Regional subgroup findings illustrate that variation clearly. Asia showed the highest pooled estimate at 79%, although with a very wide confidence interval, reflecting limited data. Africa followed at 75%, the Middle East at 57%, and Australia was represented by a single study at 49%. By species, prevalence estimates were broadly similar: 67% for Camelus dromedarius and 79% for Camelus bactrianus, but the difference was not statistically significant, and the bactrian estimate was imprecise because relatively few studies were available. (frontiersin.org)

Outside the meta-analysis itself, recent and prior research helps explain why this parasite still deserves attention. C. titillator larvae develop in the nasal passages, paranasal sinuses, and pharyngeal cavities of camels. Clinical and postmortem work has associated infestation with restlessness, nasal discharge, sneezing, snorting, elevated respiratory rate, mucosal congestion, bloody mucus, and occasional neurologic signs that can complicate diagnosis. Separate studies have also described adverse effects on breathing, milk production, fertility, and tissue integrity. (frontiersin.org)

There’s also a diagnostic gap. One 2022 study from Egypt noted that diagnosis is still primarily postmortem, while evaluating ELISA-based detection of C. titillator-specific antibodies as a possible aid for live-animal identification. That kind of work matters because better ante-mortem detection could help veterinarians intervene earlier, avoid confusion with neurologic disease, and build more reliable surveillance programs in endemic regions. (pmc.ncbi.nlm.nih.gov)

Why it matters: For veterinary professionals, this paper is less about a surprise emergence event and more about scale.

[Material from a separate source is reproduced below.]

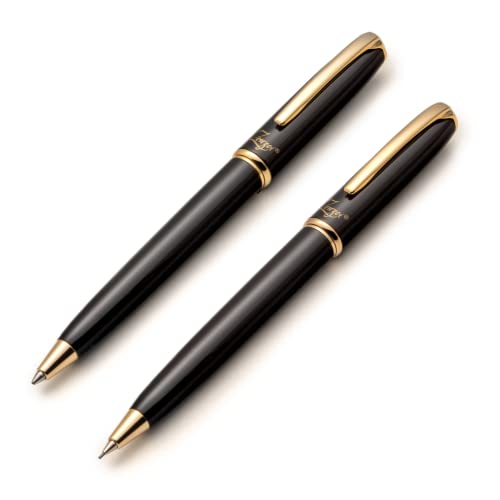 ZenZoi-Luxury-Black-Pen-Pencil-Set--Metal-Retractable-Executive-Ballpoint-Pen-Mechanical-Pencil-07-MM-Fancy-Quality-Pen-Gift-Set-for-Men-Women-Nice-Professional-Office-Pen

It argues that camel nasal myiasis is common enough to merit routine consideration in respiratory disease workups, herd health planning, and production-loss investigations in camel systems. The lack of a significant difference by study period suggests the burden hasn’t clearly fallen over time, while the strong regional signal supports tailored control measures rather than one-size-fits-all recommendations. For practices serving pastoralist or commercial camel operations, the findings strengthen the case for locally informed parasite surveillance, seasonality tracking, and preventive planning. (frontiersin.org)

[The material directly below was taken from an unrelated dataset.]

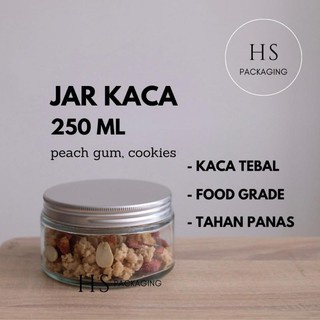 250ml TOPLES KACA / JAR KACA / GLASS JAR 250 ml / jar kue / jar peach gum / jar ice cream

What to watch: The next step will likely be more standardized prevalence studies, especially in underrepresented regions and in bactrian camels, along with validation of practical live-animal diagnostics and region-specific control programs. Given the high heterogeneity in the current evidence, the most useful future data may come not from another global average, but from better local epidemiology tied to management conditions and clinical outcomes. (frontiersin.org)

How this developed

  1. Studies included in the review begin.

  2. Studies included in the review end.

  3. The systematic review and meta-analysis is published.

Common questions

  • How common is Cephalopina titillator infestation in camels?
    The pooled global prevalence was 67% across 41 studies.
  • Which regions had the highest prevalence?
    Asia had the highest pooled estimate at 79%, followed by Africa at 75%, the Middle East at 57%, and Australia at 49% in a single study.
  • How strong is the evidence behind the pooled estimate?
    The authors say the estimate should be treated as a broad summary because between-study heterogeneity was extremely high, with I² = 99.1%.
  • What kind of health problems can this parasite cause?
    The article says infestation is linked to nasopharyngeal myiasis, nasal discharge, sneezing, respiratory distress, tissue damage, reduced milk production, fertility impacts, and possible misdiagnosis of neurologic signs.